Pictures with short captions
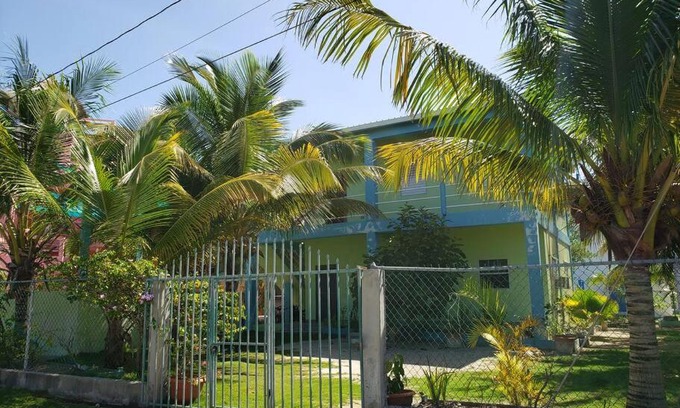 Caye Caulker Apartment | The Sands Inn-Ground Floor with Pool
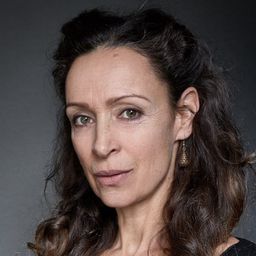 Mary Sellers 飾演 Fiorella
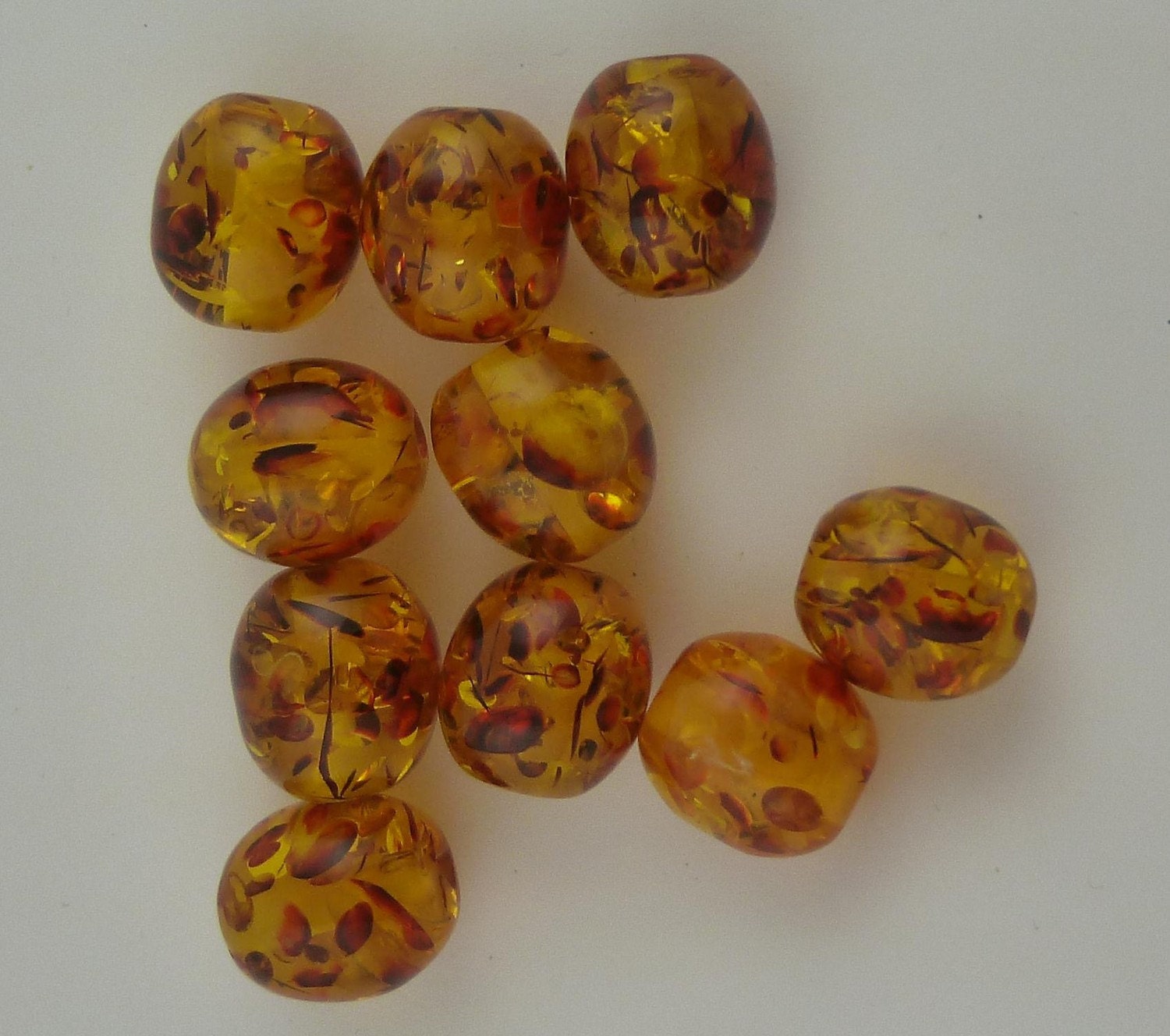 Items similar to Faux Amber Resin Beads on Etsy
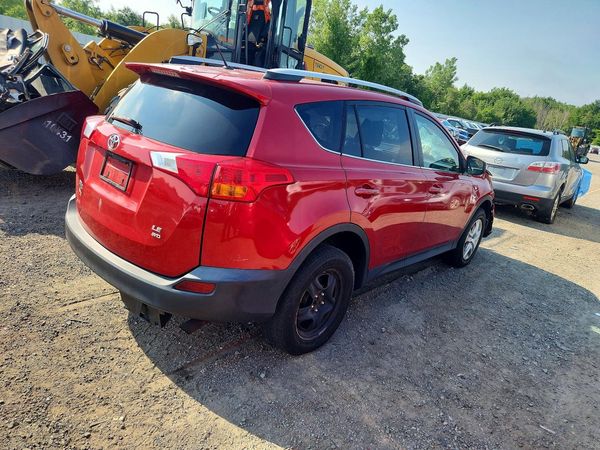 2015 TOYOTA RAV4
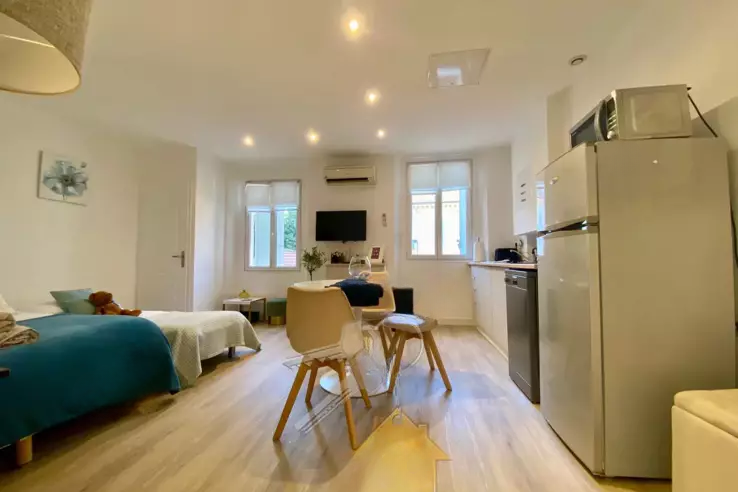 Квартира в Каннах, Франция, 24 м² - фото 2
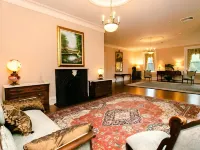 Silas W Robbins House - homestay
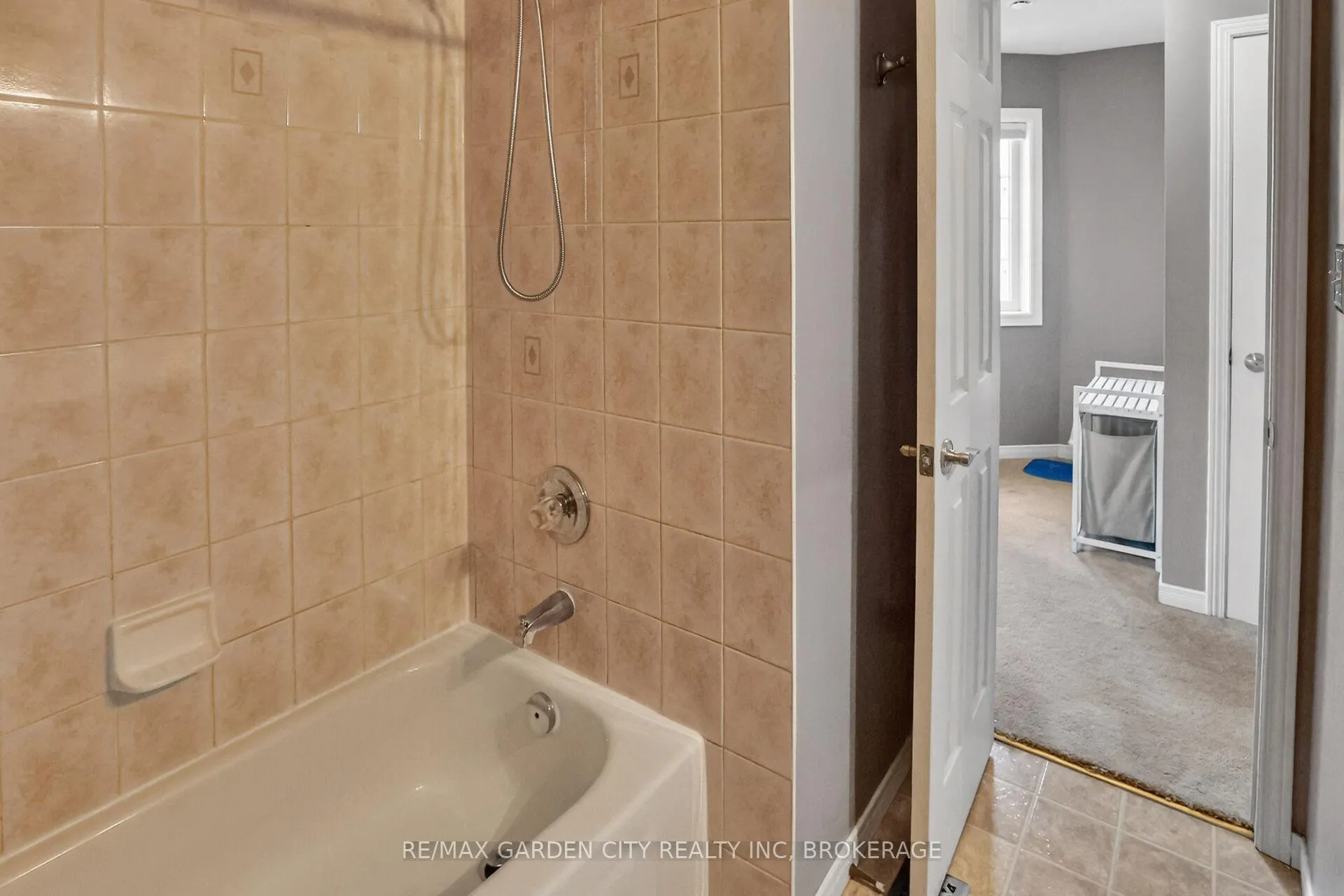 Photo 20 of Unit 201, 511 Highway 8, Hamilton, Stoney Creek — HOMEH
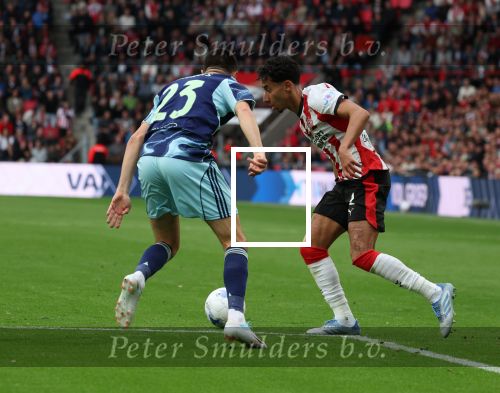 Eindhoven, 21 September 2025
PSV-AJAX, Eindstand 2-2
Kompetitie seizoen 2025-2026
Anass Salah-Eddine met Steven Berghuis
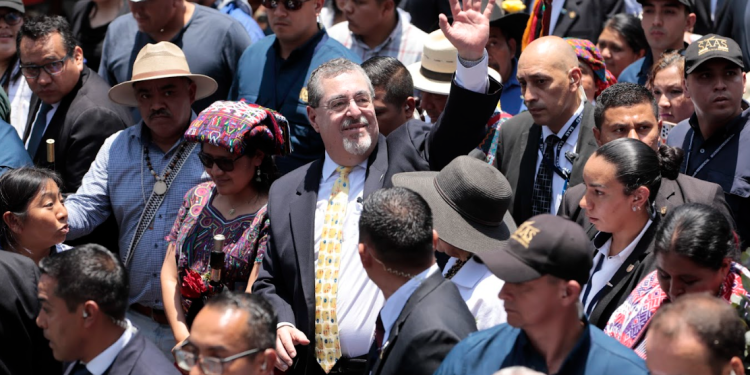 Presidente Arévalo ratifica lucha contra la corrupción e impulso de desarrollo social como ejes de su gestión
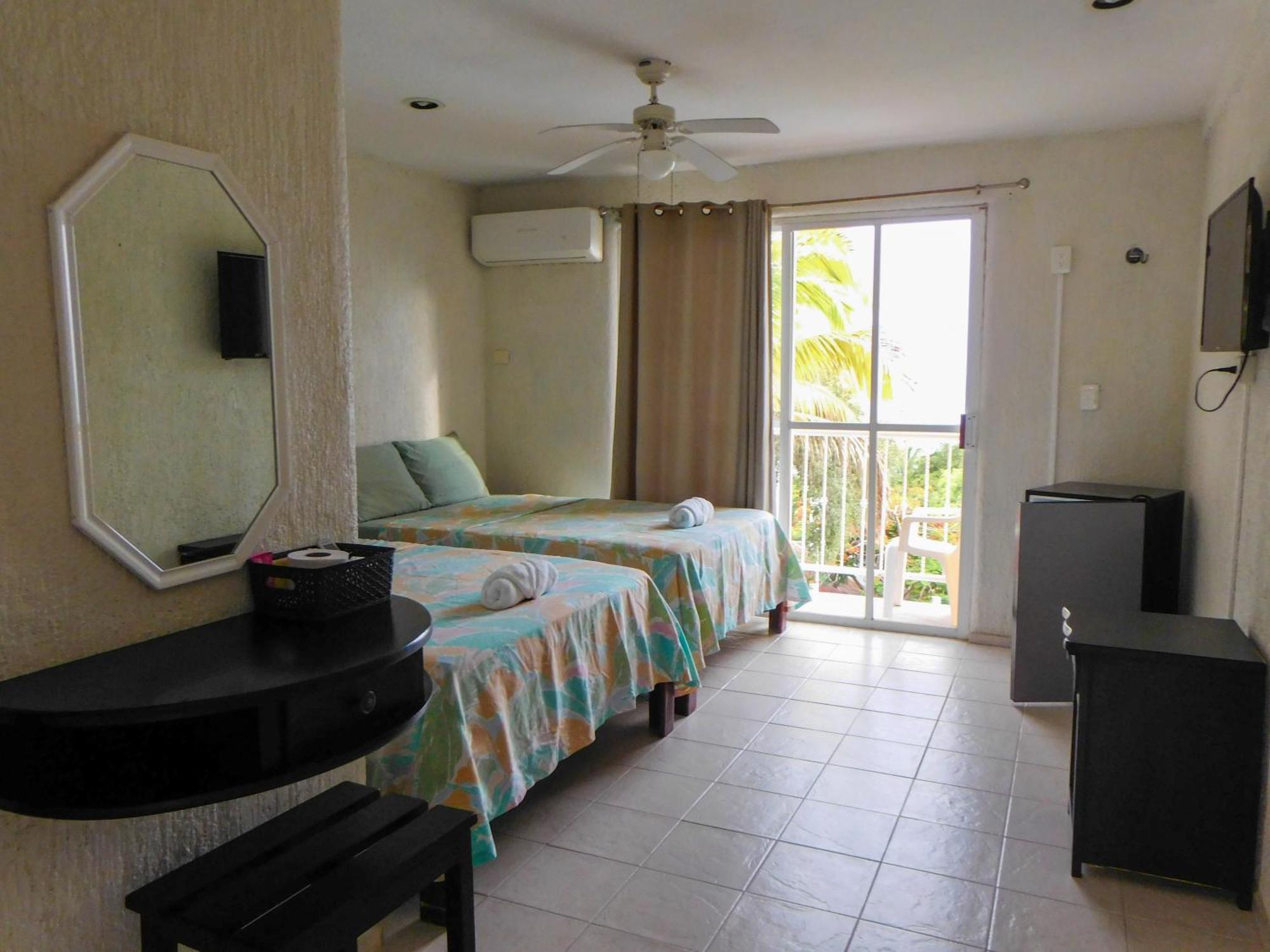 Hotel Ma Elena Isla Mujeres Ngoại thất bức ảnh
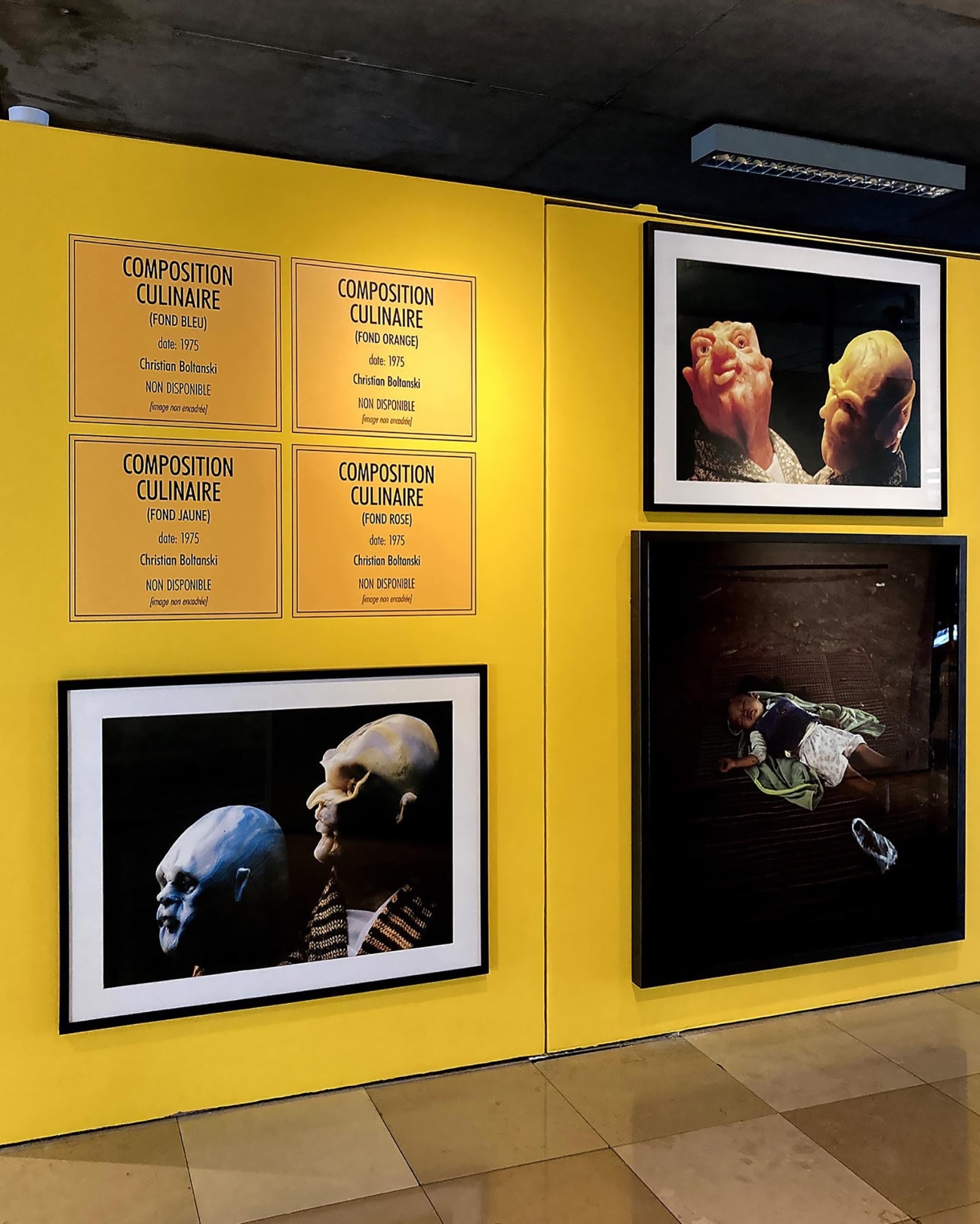 Suzanne Lafont, Entrée Libre, 2023 Exhibition view at Carrée d'Art, Nîmes Courtesy of the artist, Carré d'Art - Musée d'Art Contemporain de Nîmes & Erna Hecey Gallery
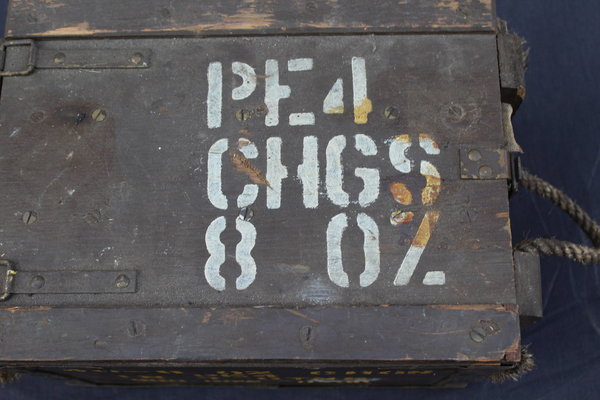 PE4 8OZ Sprengstoff Kiste mit Inerten Dummy Stangen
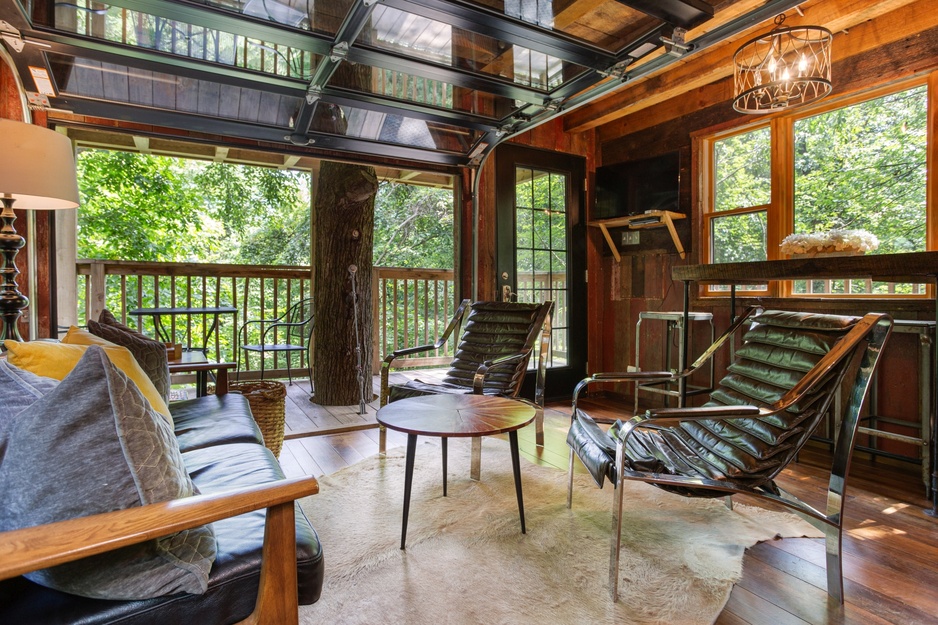 The Mohicans Tree House Resort - The Shed Treehouse Living Room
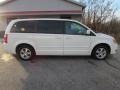Stone White - Grand Caravan SXT Photo No. 2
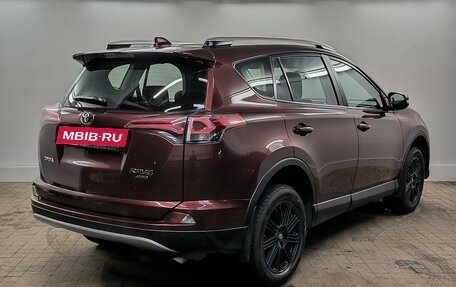Toyota RAV4, 2017 год, 2 925 000 рублей, 4 фотография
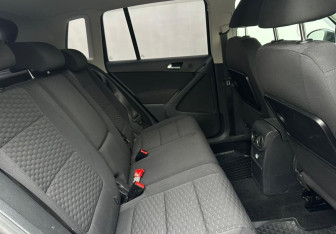 Подержанный автомобиль Volkswagen Tiguan 2011 года (14 фото)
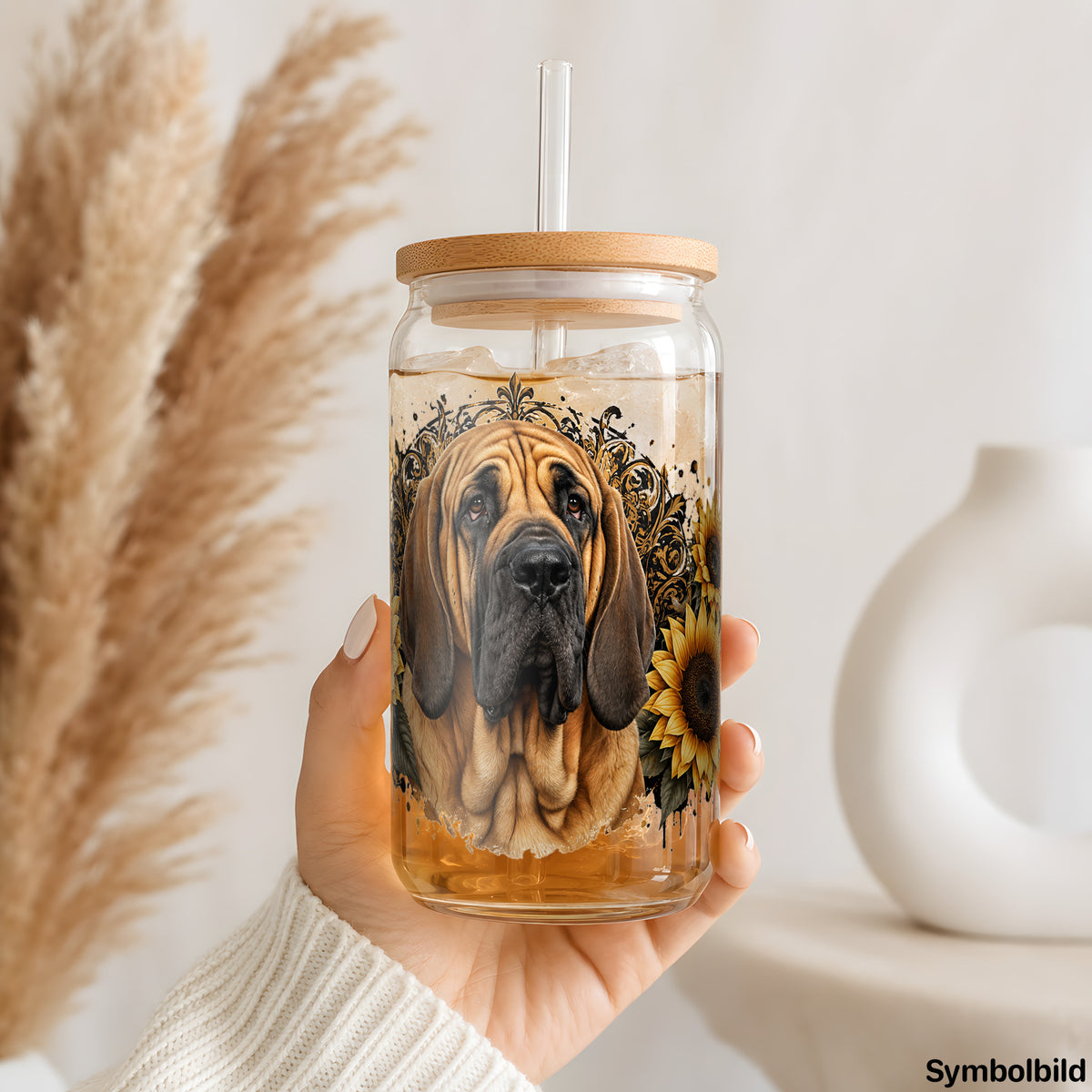 Becher-Aufkleber „Bluthund im Sonnenblumenkranz“ auf einem 16oz Glasbecher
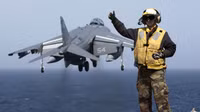 [ẢNH] Máy bay Mỹ tấn công dữ dội, phá hủy đoàn tàu chở dầu của Syria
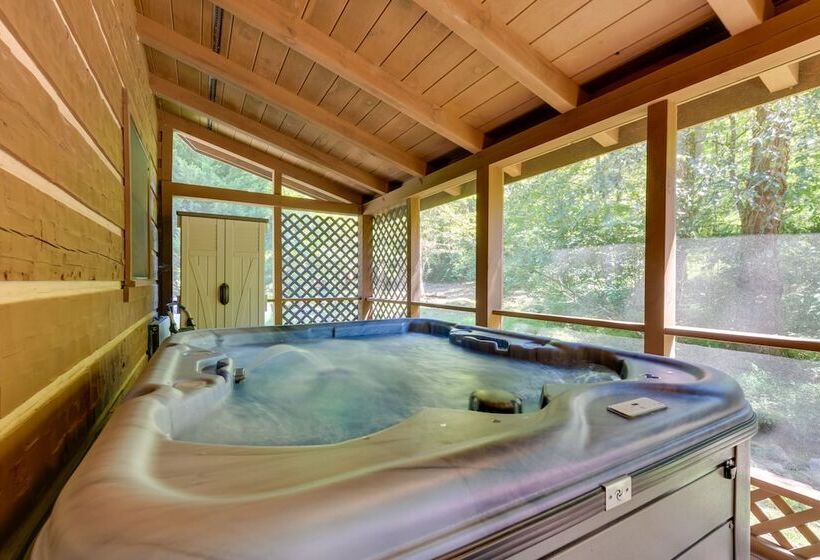 Cabin W/ Hot Tub + Fishing Pond In Del Rio!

- Requirement:
Set down exactly, with no additions, each line from the line that includes "Toyota RAV4, 2017" to the final line of the entries above; leave pictures out.

- Result of the exercise:
Toyota RAV4, 2017 год, 2 925 000 рублей, 4 фотография
 Подержанный автомобиль Volkswagen Tiguan 2011 года (14 фото)
 Becher-Aufkleber „Bluthund im Sonnenblumenkranz“ auf einem 16oz Glasbecher
 [ẢNH] Máy bay Mỹ tấn công dữ dội, phá hủy đoàn tàu chở dầu của Syria
 Cabin W/ Hot Tub + Fishing Pond In Del Rio!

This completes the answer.